CERTIFICATE OF AMENDMENT

TO THE

RESTATED CERTIFICATE OF INCORPORATION

OF

STANLEY BLACK & DECKER, INC.

Stanley Black & Decker, Inc., a corporation organized and existing under the Connecticut Business Corporation Act (the “CBCA”), does hereby certify:

1: The name of the corporation is Stanley Black & Decker, Inc. (the “Corporation”).

2: Section 3C of the Restated Certificate of Incorporation, as amended from time to time (the “Certificate of Incorporation”), is hereby further amended as set forth on Exhibit A hereto.
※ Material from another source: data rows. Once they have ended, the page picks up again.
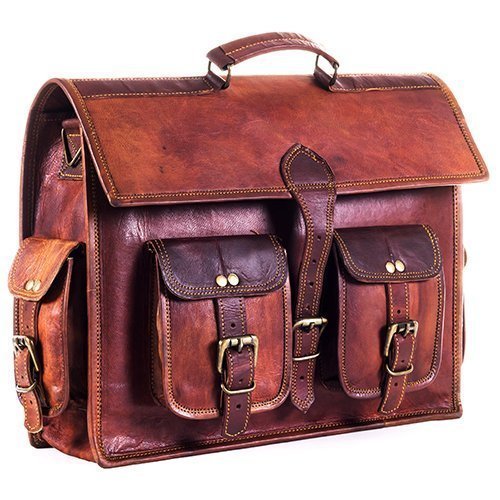 RSN Real Leather Laptop,Mackbook Messenger Bag For Men (B07G279V36) Amazon Price History, Amazon Price Tracker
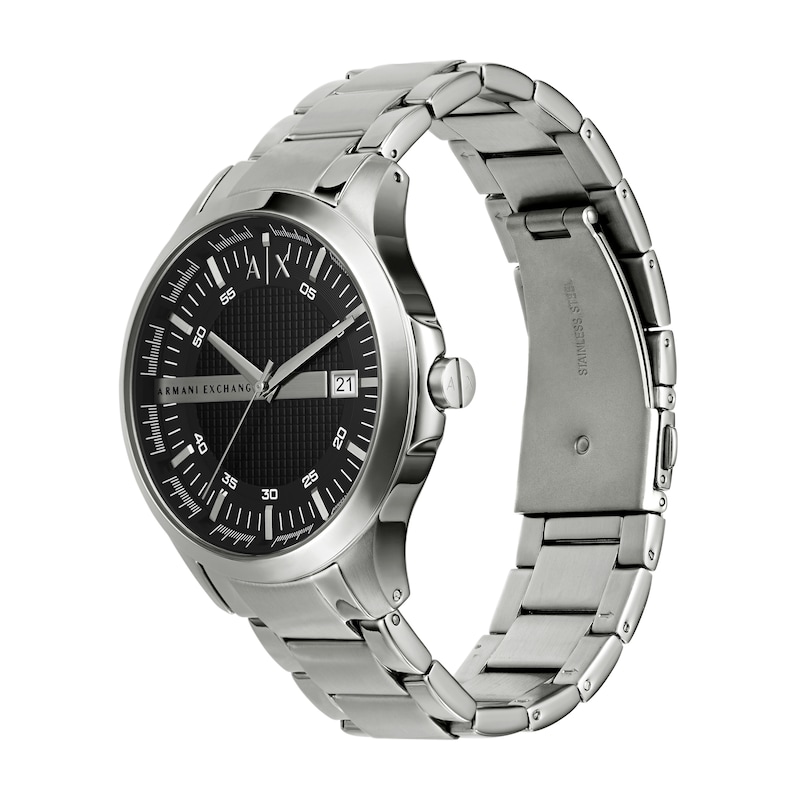 Main Image 3 of Men’s Armani Exchange  Watch with Textured Black Dial (Model: AX2103)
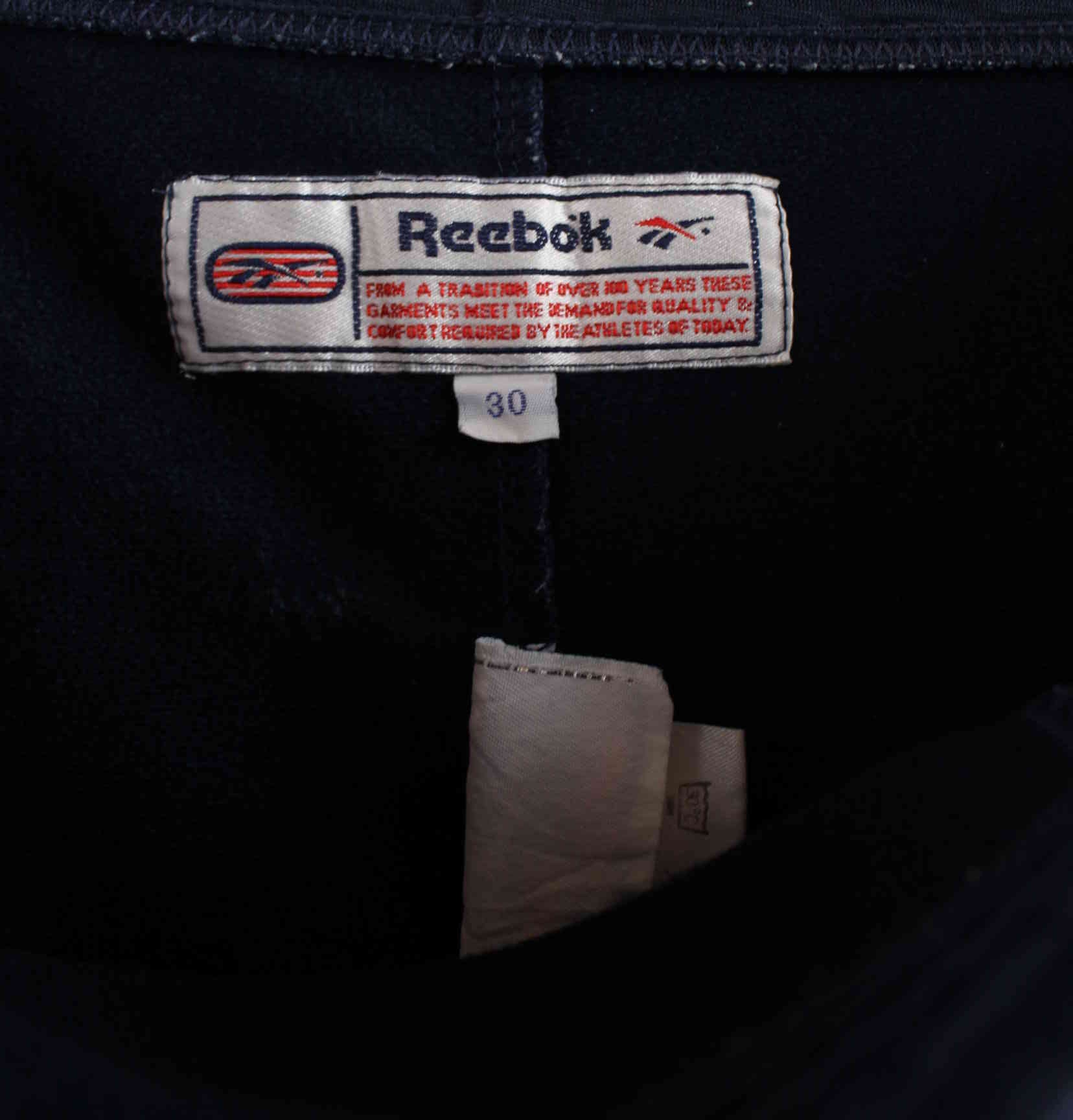 Reebok 90s Vintage Knopf Track Pants Blau M (detail image 2)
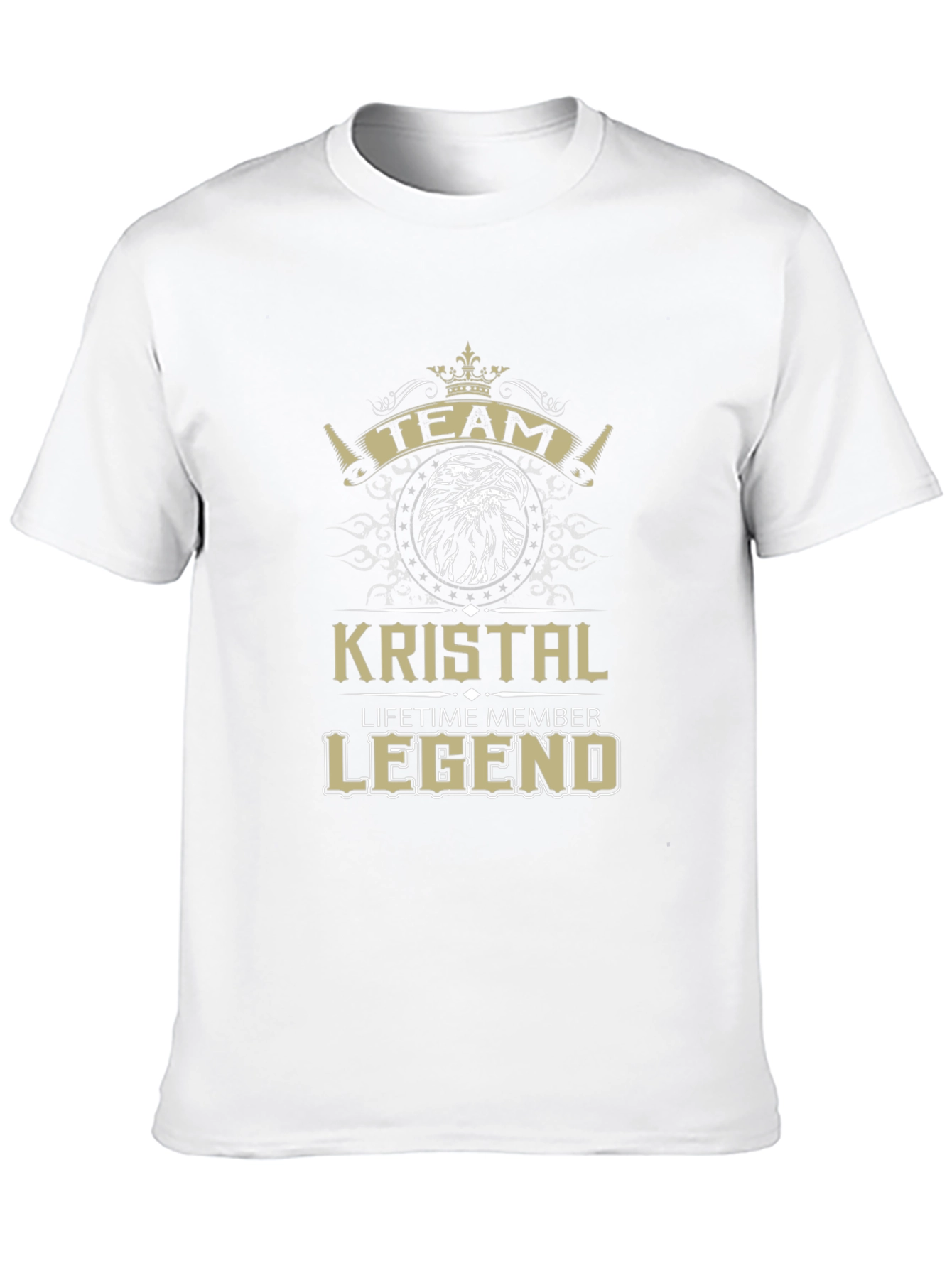 Kristal Legend T-Shirt - Lifetime Member Tee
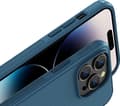 Miniatyrbilde 5 av 5: Nillkin Super Frosted Shield Pro Magnetic Deksel til iPhone 14 Pro Max med MagSafe magnetisk blå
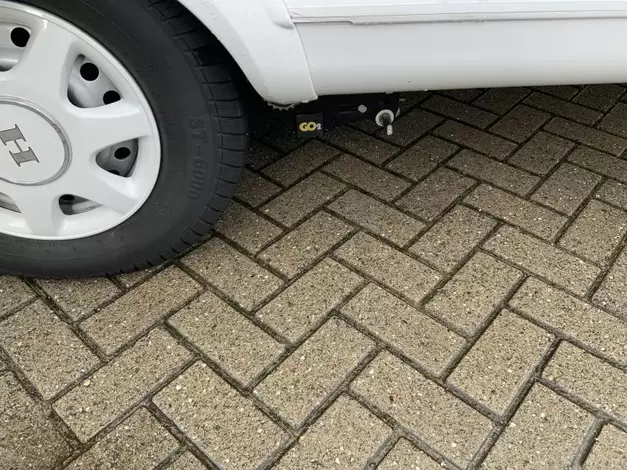 Hobby De Luxe 460 UFE Mover + vloerverwarming (1023939)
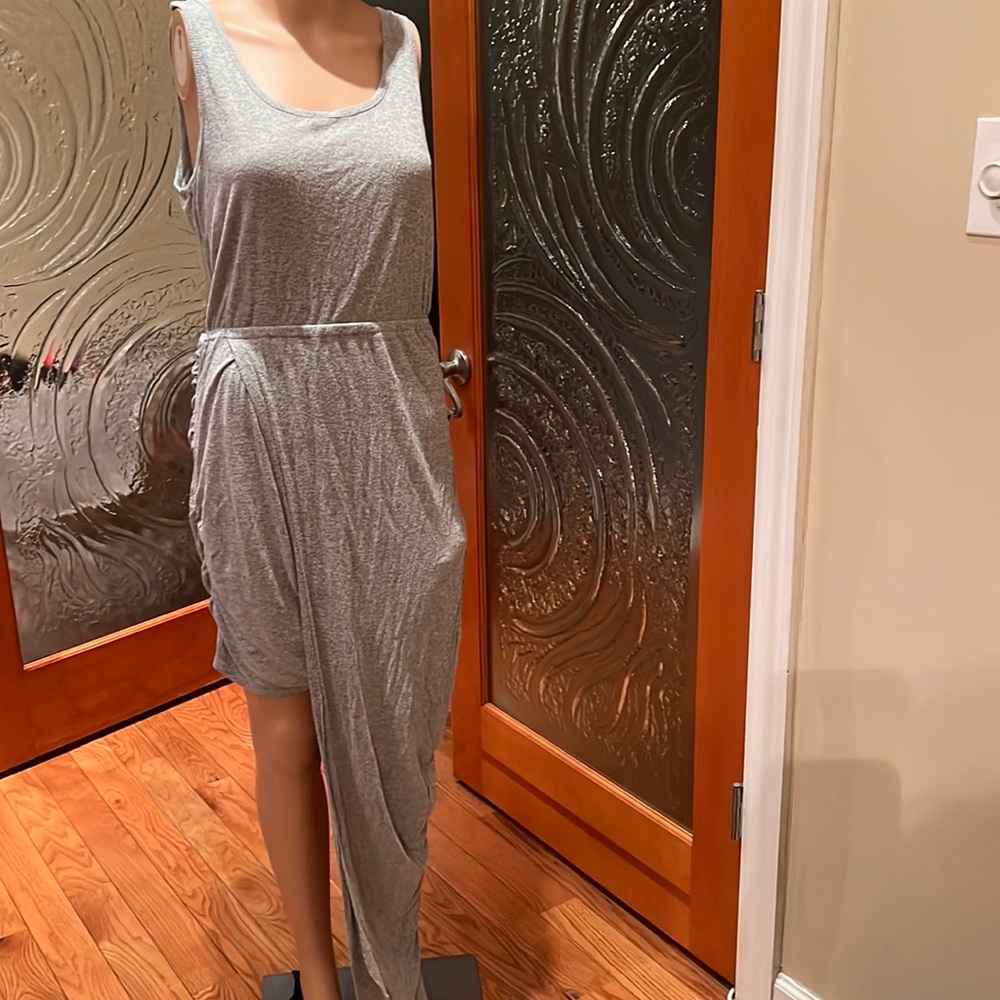 Grey dress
3: The amendments are permitted pursuant to Section 33-608(l)(4) of the CBCA.

4: The amendments were adopted by resolution of the Special Securities Committee of the Board of Directors on May 7, 2020. No Shareholder approval was required.

[Signature page follows]


IN WITNESS WHEREOF, the Corporation has caused this Certificate of Amendment to the Certificate of Incorporation to be duly executed this 15th day of May, 2020.

 

STANLEY BLACK & DECKER, INC.
By:  

/s/ Robert T. Paternostro

Name:   Robert T. Paternostro
Title:   Vice President, Treasury

 


Exhibit A

Text of Amendment

Each capitalized term used but not defined herein shall have the meaning assigned to it in Section 3C of the Certificate of Incorporation or, if not defined therein, in the Purchase Contract and Pledge Agreement (as defined in Section 3C of the Certificate of Incorporation).

For purposes of Section 3C of the Certificate of Incorporation, the Remarketing of the 0% Series C Cumulative Perpetual Convertible Preferred Stock conducted by the Corporation on May 7, 2020 constitutes a “Successful Remarketing” and a “Dividend Increase Remarketing,” and the related settlement date of May 15, 2020 constitutes a “Remarketing Settlement Date.” In connection with such Remarketing and in accordance with Section 3C(12) of the Certificate of Incorporation, Section 3C thereof is amended as follows:

 

  1.

Section 3C(1) is amended by deleting “0% Series C Cumulative Perpetual Convertible Preferred Stock” and replacing it with “Series C Cumulative Perpetual Convertible Preferred Stock”.

 

  2.

The definition of “Conversion Rate” in Section 3C(2) is deleted and replaced with the following:

Conversion Rate” per share of Convertible Preferred Stock means 6.7352 shares of Common Stock, subject to adjustment as set forth herein.

 

  3.

The definition of “Dividend Payment Date” in Section 3C(2) is amended by adding the following immediately before the period at the end thereof:

“; provided that, notwithstanding anything to the contrary in this Section 3C, the first Dividend Payment Date shall be August 15, 2020”.

 

  4.

The definition of “Dividend Rate” in Section 3C(2) is amended by adding the following immediately before the period at the end thereof:

“; provided that (i) from, and including, May 15, 2020 to, but excluding, the Dividend Step-Up Date, “Dividend Rate” means 5.000% per annum of the $1,000 per share Liquidation Preference and (ii) from, and including, the Dividend Step-Up Date, “Dividend Rate” means 10.000% per annum of the $1,000 per share Liquidation Preference”.

 

  5.

Section 3C(2) is amended by adding the following definition immediately below the definition of “Dividend Rate”:

Dividend Step-Up Date” means May 15, 2023.

 

  6.

Section 3C(4)(a) is amended by adding the following at the end thereof:

“Notwithstanding anything to the contrary in this Section 3C, from, and including, May 15, 2020, the Dividend Rate shall be as set forth in Section 3C(2).”

 

  7.

Section 3C(8)(a) is amended by deleting each occurrence of “June 22, 2020” and replacing it with “May 15, 2021”.